• Try it: Write every line below out again exactly, images omitted.

--- START ---

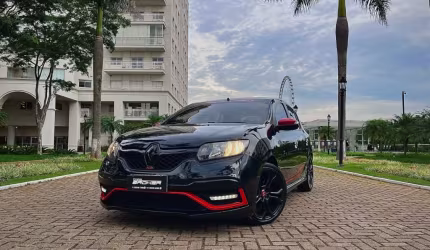 Renault sandero 2018 2.0 16v hi-flex rs racing spirit manual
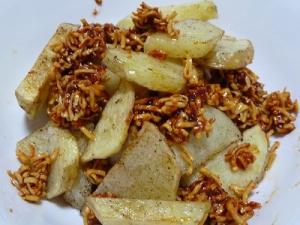 お手軽 チキンラーメンでナンチャッテ食べるラー油 レシピ 作り方 By Chacoxcha 楽天レシピ お手軽 チキンラーメンでナンチャッテ食べるラー油 レシピ 作り方 By Chacoxcha 楽天レシピ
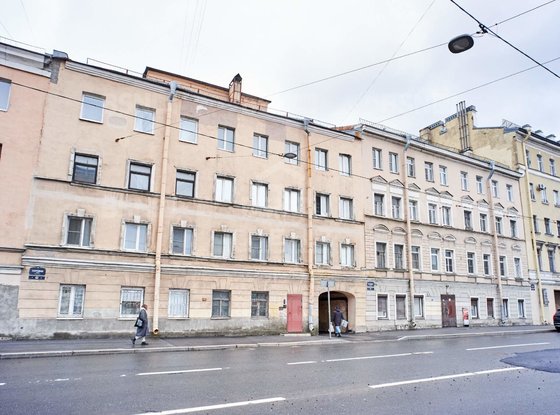 Продажа трехкомнатной квартиры - Боровая улица, д.58 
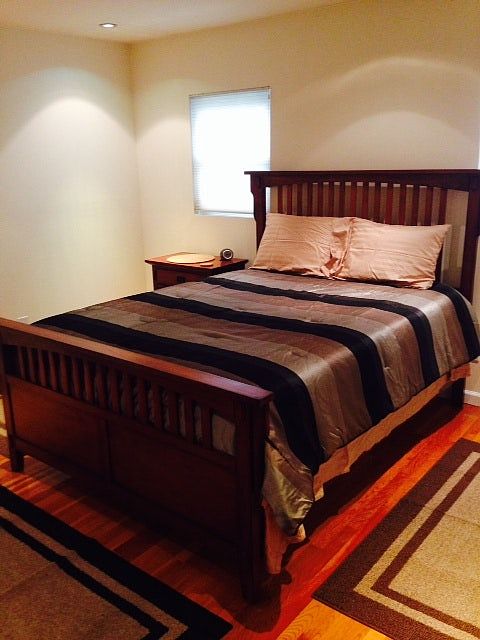 Master Bedroom - Queen Bed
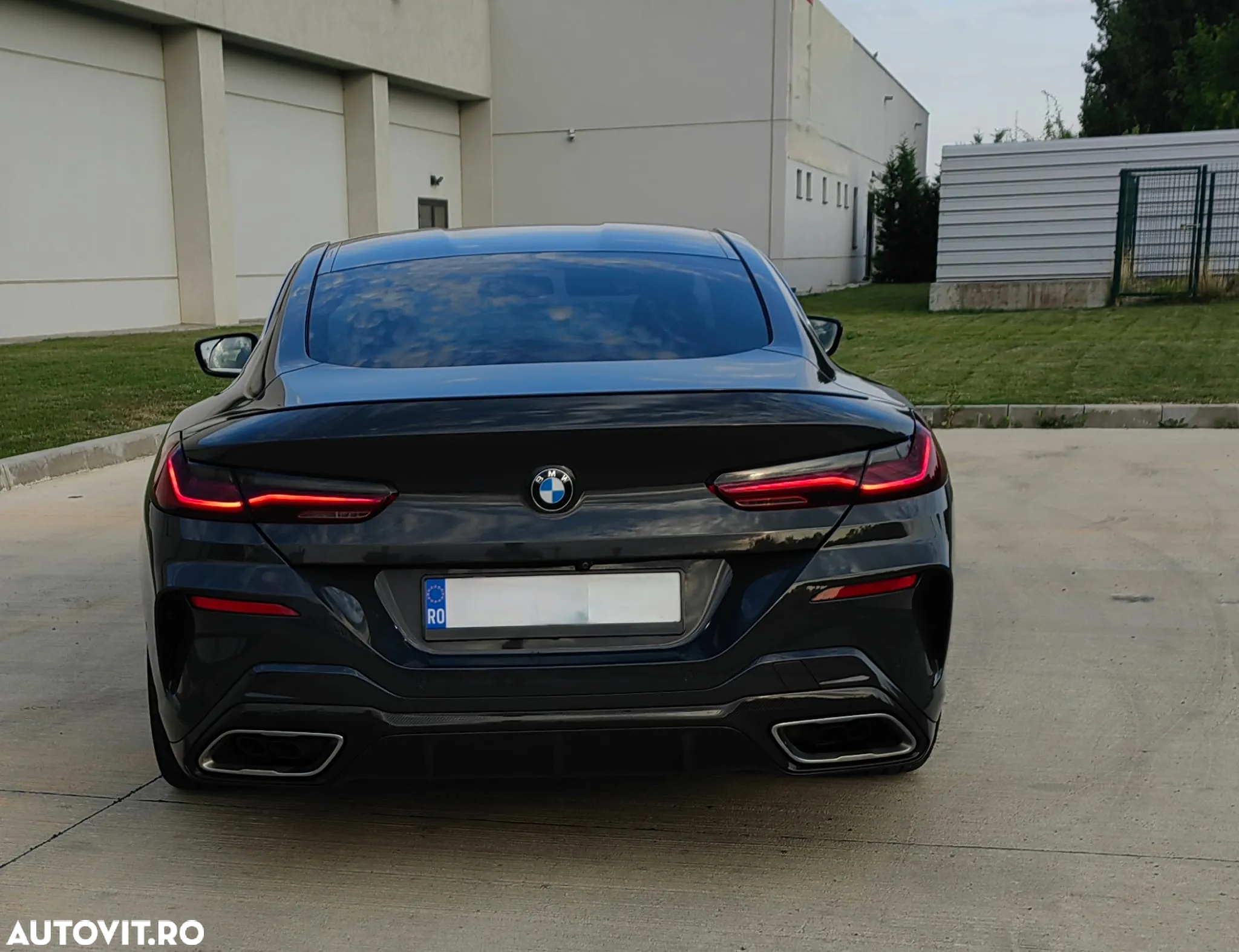 BMW M8 - 8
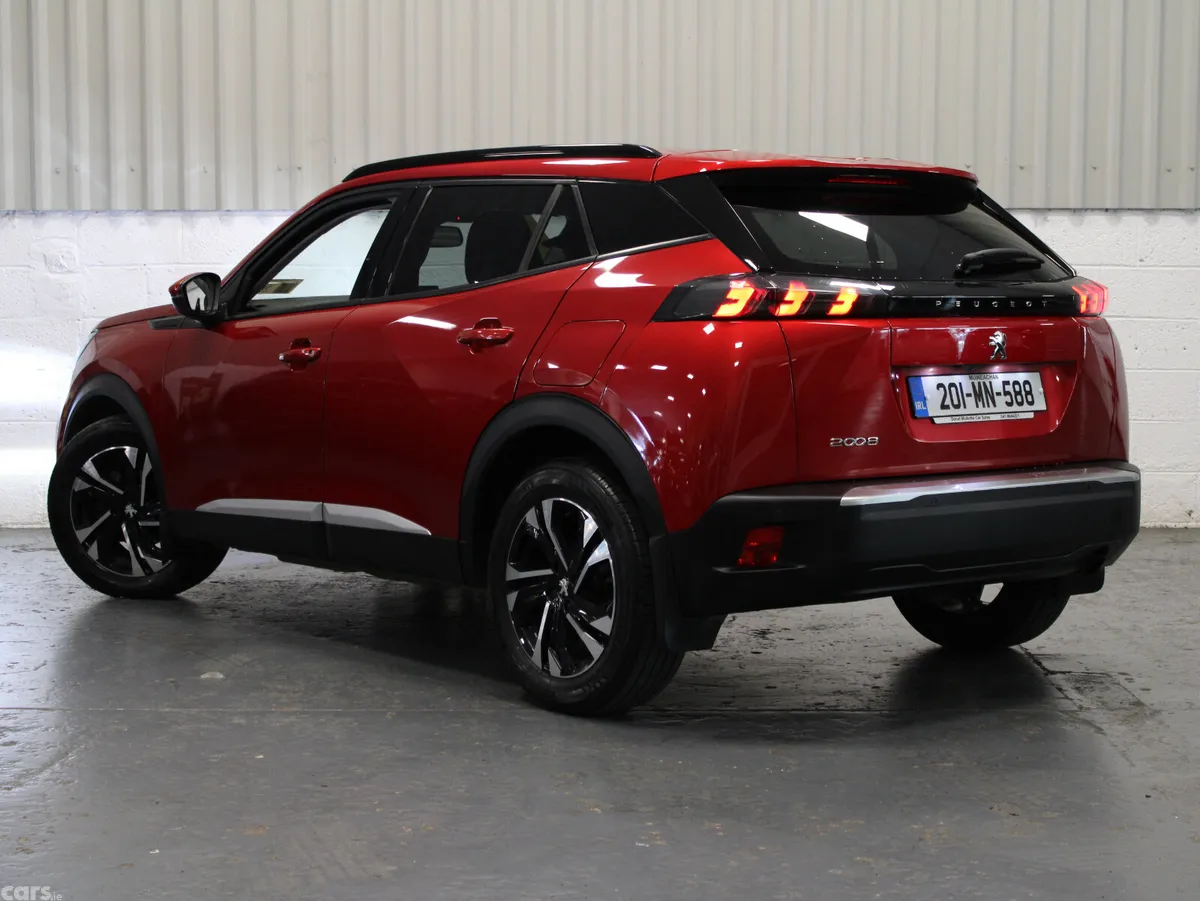 Peugeot 2008 MPV, Diesel, 2020, Red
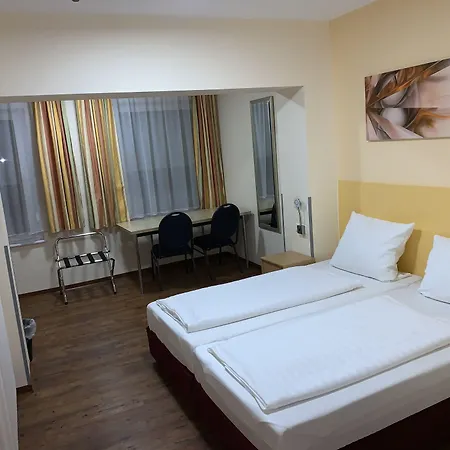 National 3* קובלנץ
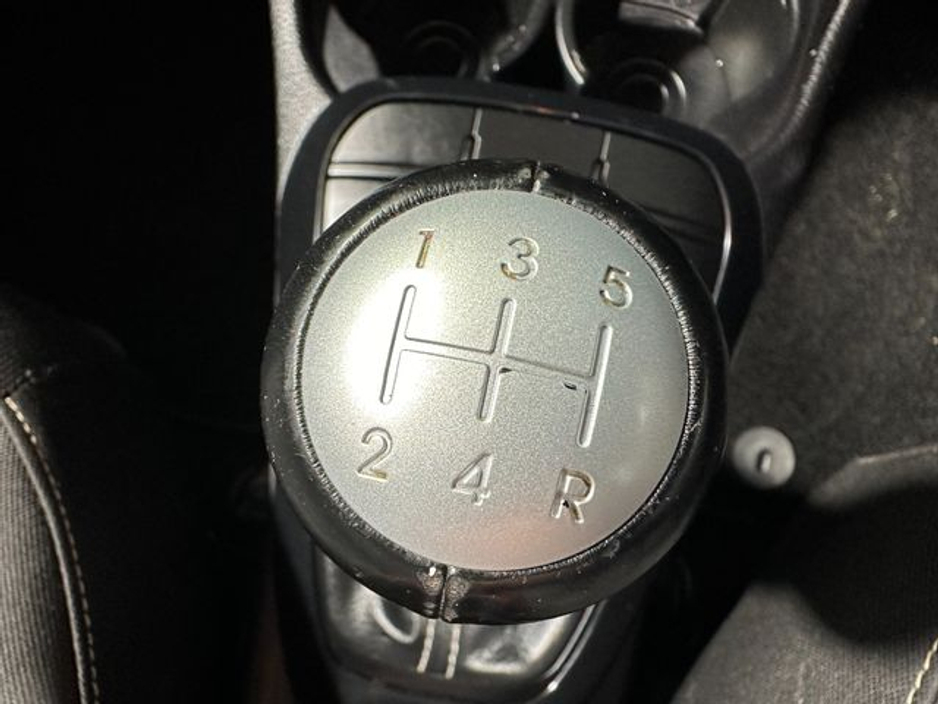 Kia Picanto 1.0 Petrol — thumbnail 19
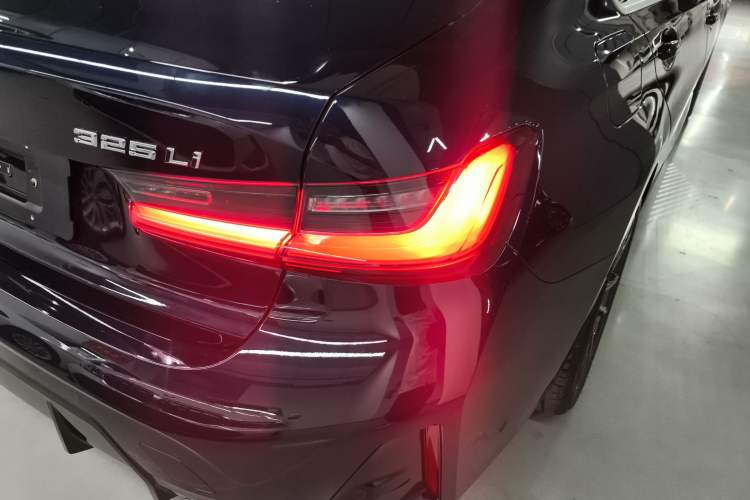 Used BMW 3 Series 2025 325Li M Sport Package Right Rear Taillight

--- END ---

• Reply:
 Renault sandero 2018 2.0 16v hi-flex rs racing spirit manual
 お手軽 チキンラーメンでナンチャッテ食べるラー油 レシピ 作り方 By Chacoxcha 楽天レシピ お手軽 チキンラーメンでナンチャッテ食べるラー油 レシピ 作り方 By Chacoxcha 楽天レシピ
 Продажа трехкомнатной квартиры - Боровая улица, д.58 
 Master Bedroom - Queen Bed
 BMW M8 - 8
 Peugeot 2008 MPV, Diesel, 2020, Red
 National 3* קובלנץ
 Kia Picanto 1.0 Petrol — thumbnail 19
 Used BMW 3 Series 2025 325Li M Sport Package Right Rear Taillight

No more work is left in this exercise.